* Work task:
Output must consist only of the lines of the material below from the one with "女童毛呢格子兔毛外套扣号链接" through the one with "Oioi Silikon Mama", each reproduced exactly; no pictures belong in it.

* Supplied material:
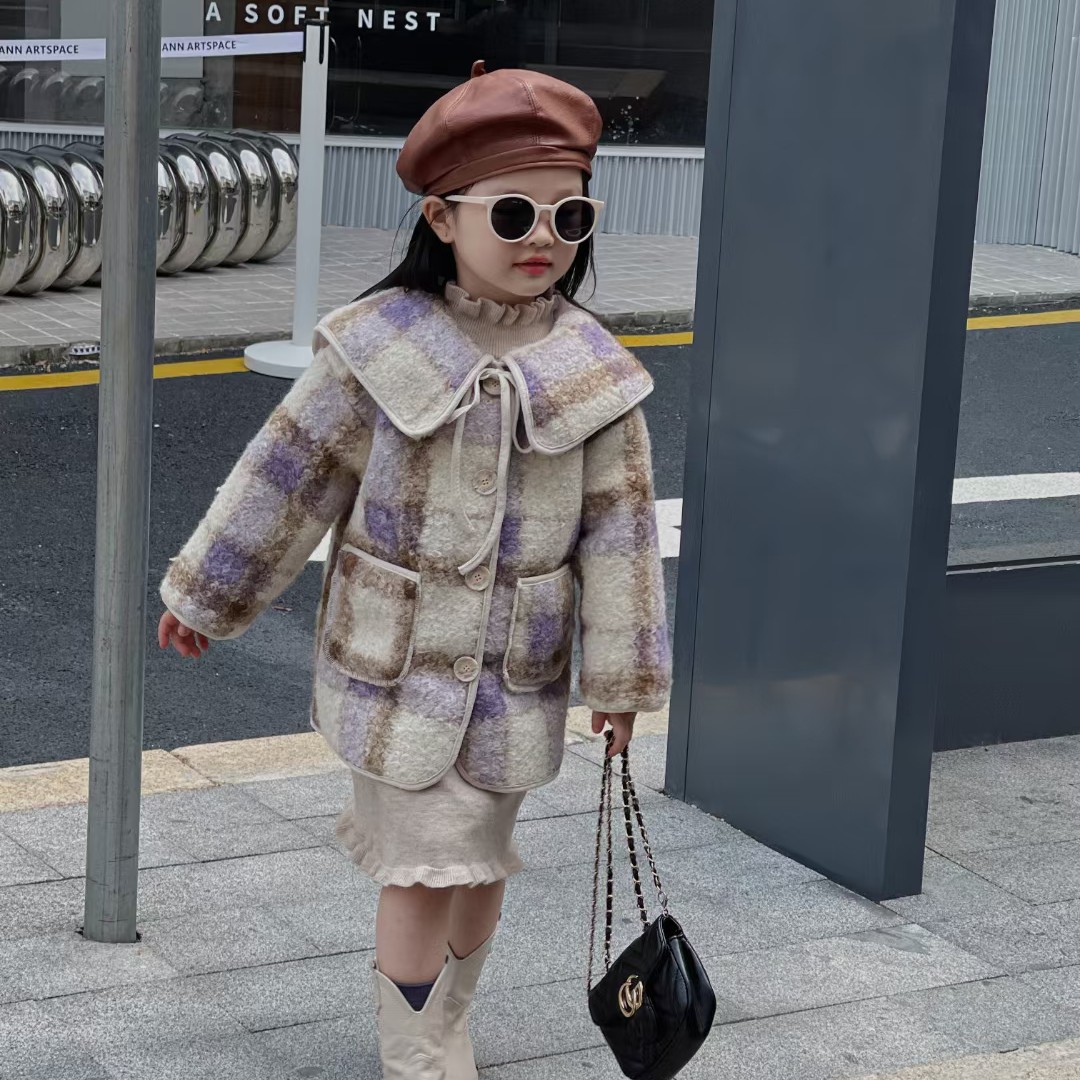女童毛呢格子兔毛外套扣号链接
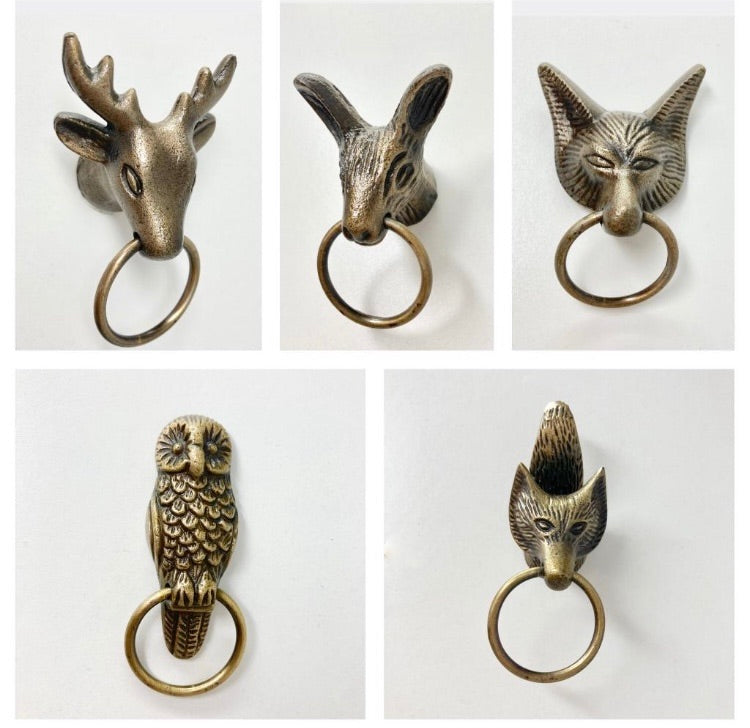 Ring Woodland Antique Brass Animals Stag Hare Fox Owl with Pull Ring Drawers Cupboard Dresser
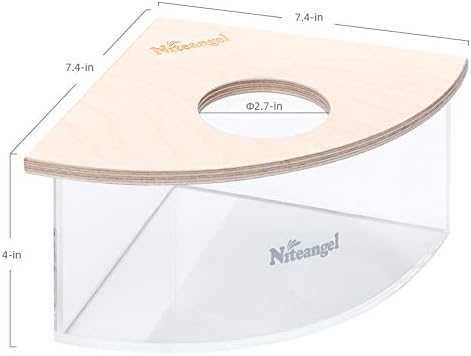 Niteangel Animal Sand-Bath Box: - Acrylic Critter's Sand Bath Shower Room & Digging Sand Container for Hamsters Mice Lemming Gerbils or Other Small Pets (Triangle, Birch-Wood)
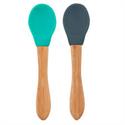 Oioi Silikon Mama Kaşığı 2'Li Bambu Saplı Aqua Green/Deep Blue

==

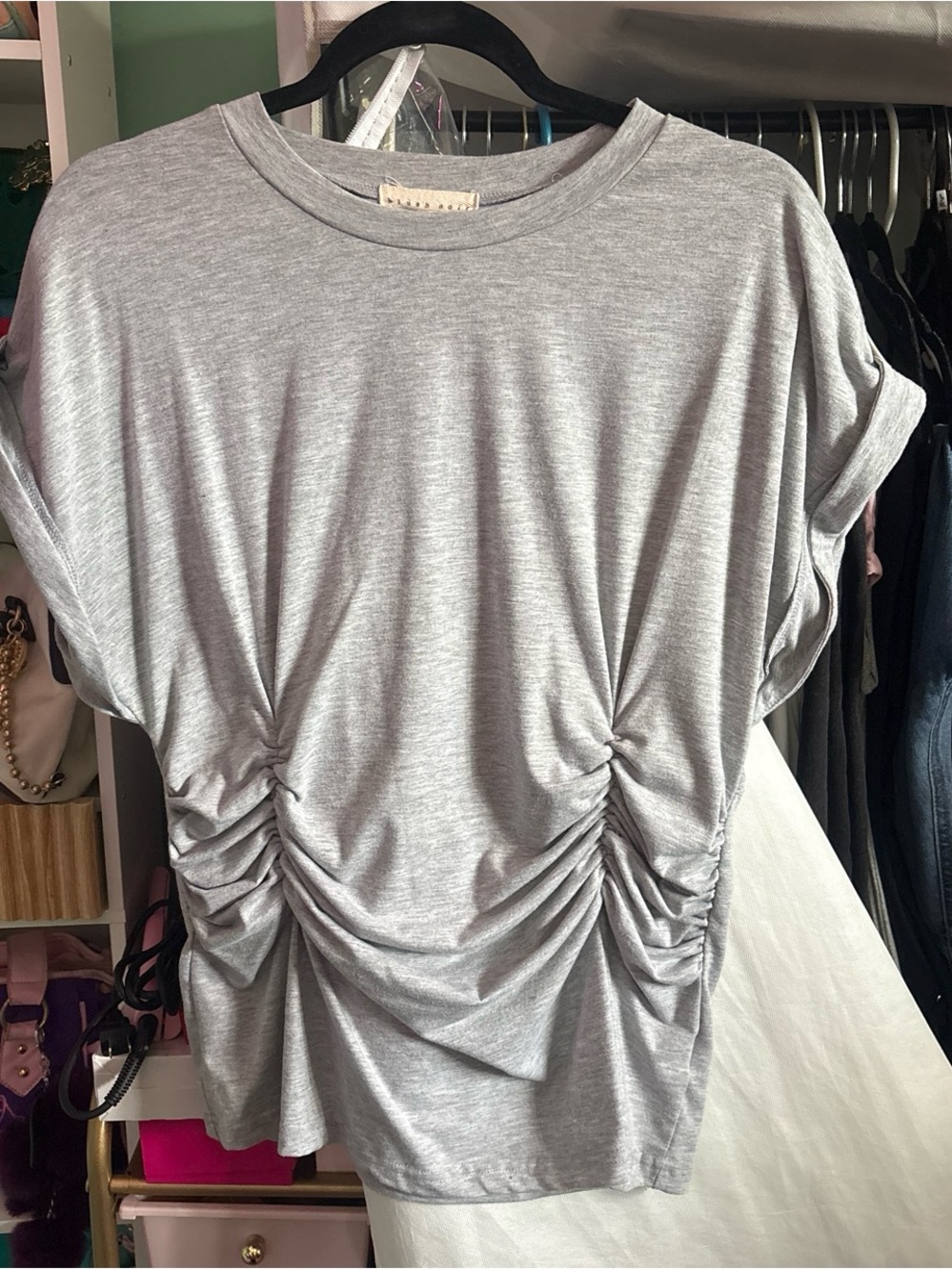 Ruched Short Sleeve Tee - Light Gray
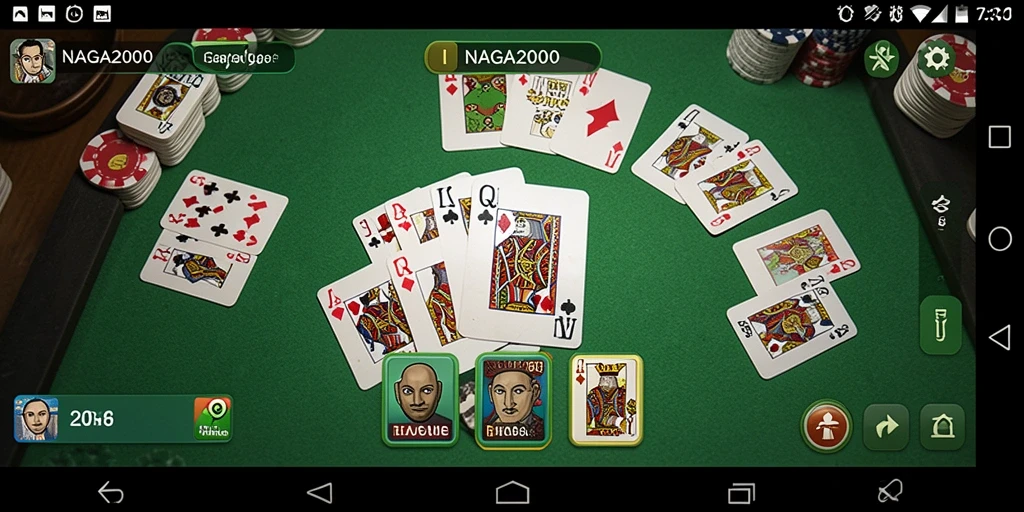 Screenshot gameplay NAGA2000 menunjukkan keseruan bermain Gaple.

...

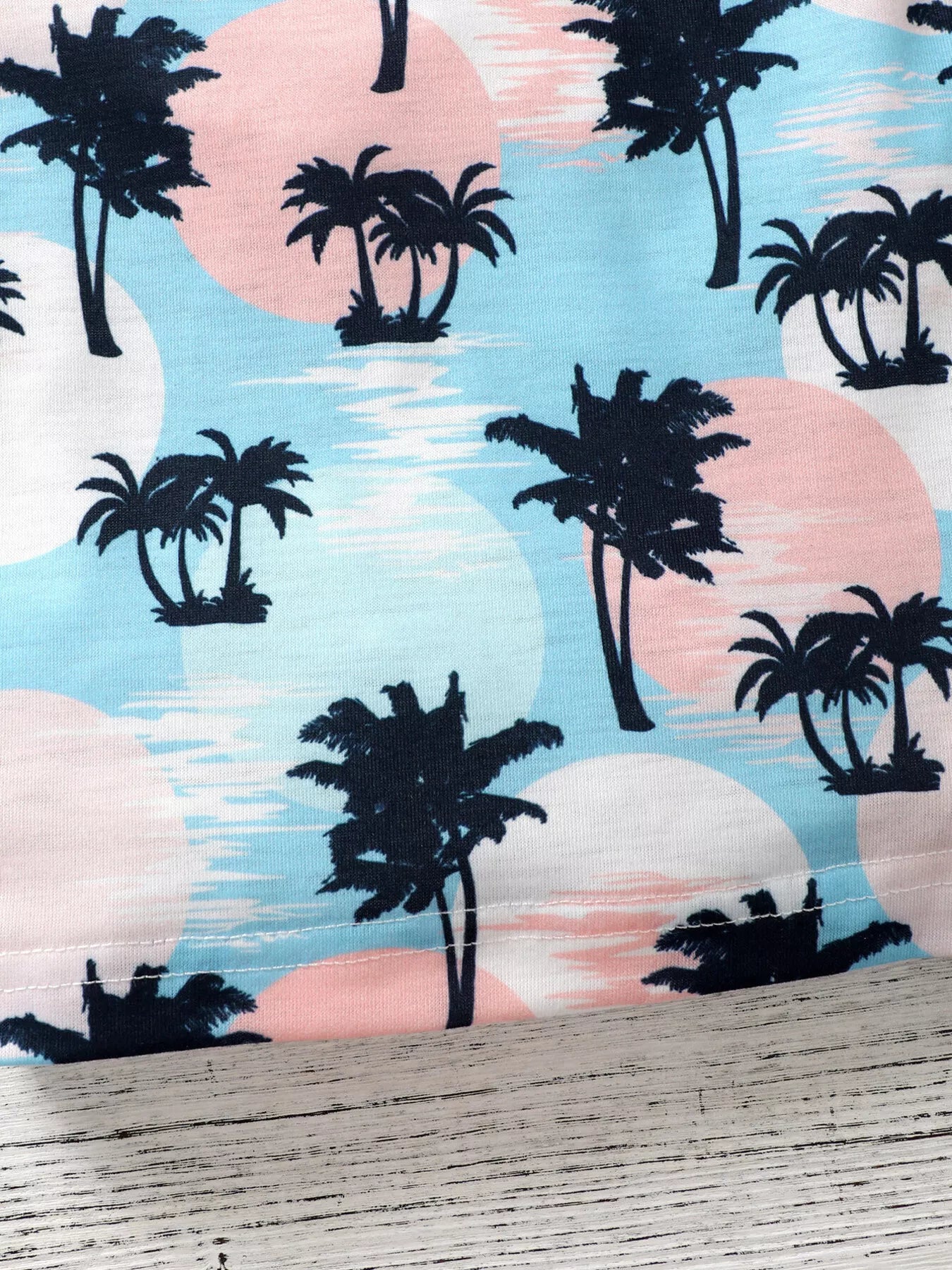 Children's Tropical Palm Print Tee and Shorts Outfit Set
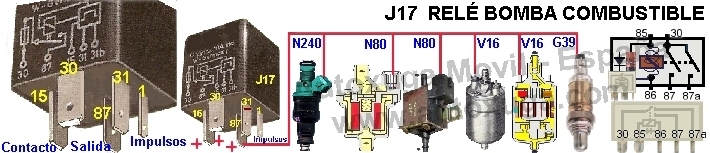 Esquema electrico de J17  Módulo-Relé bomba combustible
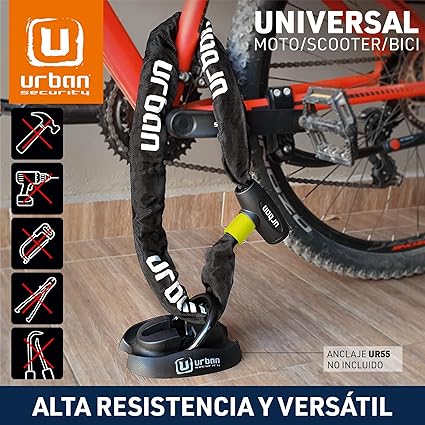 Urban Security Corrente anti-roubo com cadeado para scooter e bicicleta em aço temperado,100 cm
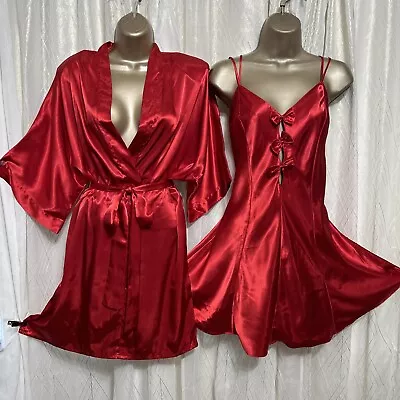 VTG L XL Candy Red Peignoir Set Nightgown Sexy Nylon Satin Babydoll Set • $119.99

* Solution below:
女童毛呢格子兔毛外套扣号链接
 Ring Woodland Antique Brass Animals Stag Hare Fox Owl with Pull Ring Drawers Cupboard Dresser
 Niteangel Animal Sand-Bath Box: - Acrylic Critter's Sand Bath Shower Room & Digging Sand Container for Hamsters Mice Lemming Gerbils or Other Small Pets (Triangle, Birch-Wood)
 Oioi Silikon Mama Kaşığı 2'Li Bambu Saplı Aqua Green/Deep Blue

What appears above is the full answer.